Okay. While I take Fitzgerald's point, I have a few of my own. I found WM's approach here to more efficient, and frankly, more sensible. Why take all that energy, just drop the price! Also, the paper, the energy to move the mail around- WM's way is more environmentally sound.
Furthermore, as slimy as I feel taking WM's side here, I feel just as gross taking Nabisco's side- seductive advertising to get people to by HFCS and food dye.
I honestly don't see who the good guy is here. It's hard to come down on the side of WM, but it's just as hard to come down on the side of these manufacturers who make non-essential, frivolous items.

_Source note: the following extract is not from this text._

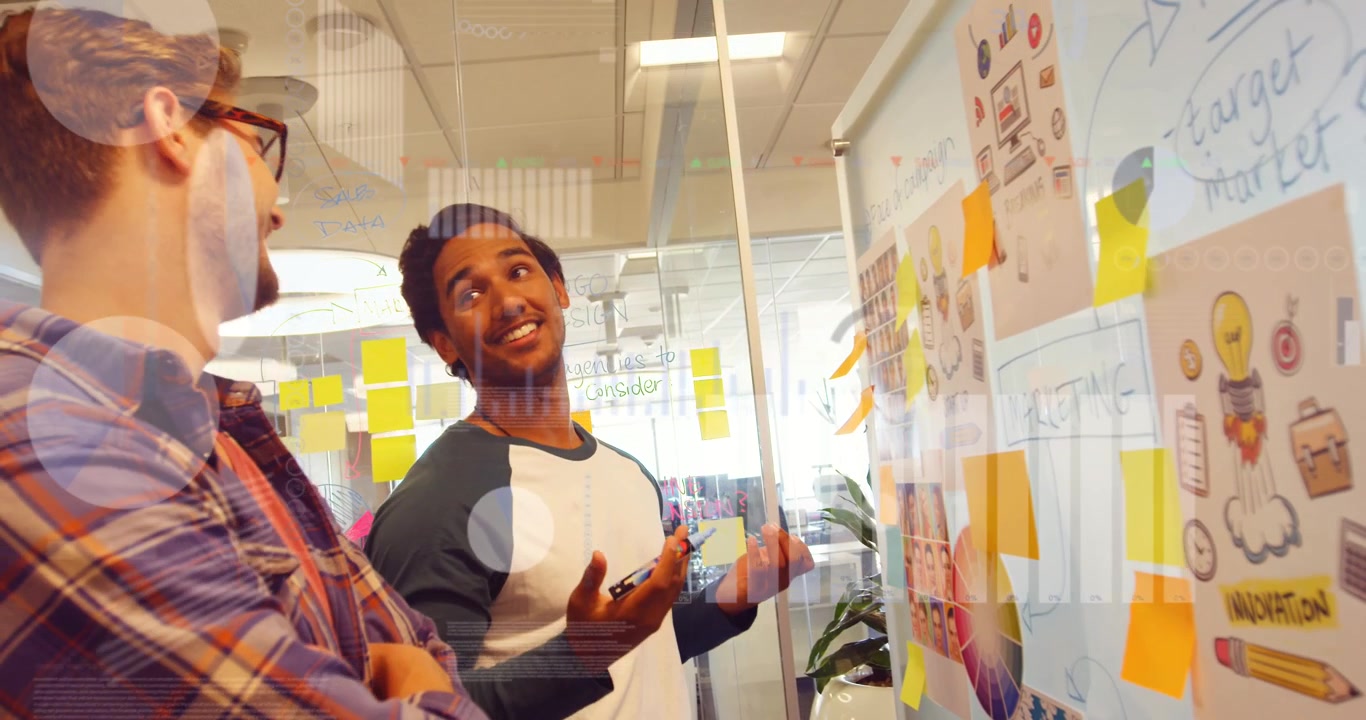 Animation of data processing over diverse business people at office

In my household, the more strict we get with our food budget, the more we cook scratch, therefore the fewer items we buy. Since we do all our baking from scratch, we only buy staples. Since DH got the pasta attachment for his Kitchen Aid, we don't even buy dry pasta anymore. We grow and can much of our own produce. We just are not big supermarket shoppers, period. We never buy things like frozen pizza, for example. Because of this, we neccesarily go thru a lot of flour, and we use several different kinds. So we don't buy it from a supermarket. We get it thru restaurant suppliers for half of what it costs at any supermarket. Same thing with cocoa and sugar. We order a ton of stuff (toiletries, non perishable food) from Amazon, and we go to the farmer's market 5 months out of the year. Other than WIC, a handful of food items, and the few paper items that we still use (TP, Q-Tips, and cotton pads), WM doesn't have anything we want or need. The stuff I use to make cleaning supplies is cheaper at SuperOne and the $1 store. As far as durable goods go, by WM own admission, they have the lowest price only on the cheapest, lowest end item in each category, so I don't even bother. It wouldn't be hard for me to give up WM altogether, other than using my WIC coupons. I'm just not convinced that my alternatives would be better.
Two more quotes from the article really got me: "But you can't buy anything if you're not employed. We are shopping ourselves out of jobs."
Yes! I get this. I think the REAL problem, when you get down to the nitty gritty, is our consumer culture. Maybe it would mean the death of another huge sector of U.S. manufacturing if we went back to actually producing things for ourselves, but would that neccesarily be bad? Again, this is a sincere question.
"We want clean air, clear water, good living conditions, the best health care in the world- yet we aren't willing to pay for anything manufactured under these restrictions."
Yep. As my friend Ray, a Ford employee, puts it, "Yeah, it's no wonder that China can make cars cheaper. Those guys are willing to sh!t on a board with a hole cut in it. I'm not."
Outsourcing is kind of a conundrum. I want jobs for Americans, yet I don't think that other people aren't deserving of a living, too- if they close all the sweatshops, what do those people do? Starve? Go to work as prostitutes? What?
I know that the good answer is that factories should not pollute and pay/treat their employees well. But how on Earth do we ensure that? I don't think that boycotting WM improves conditions at all.
To me, the silver lining in all of this is the increased cost of gas. I'm willing to take a hit at the pump if it means that it becomes prohibitively expensive to import everything. That's what I'm hoping for, anyway.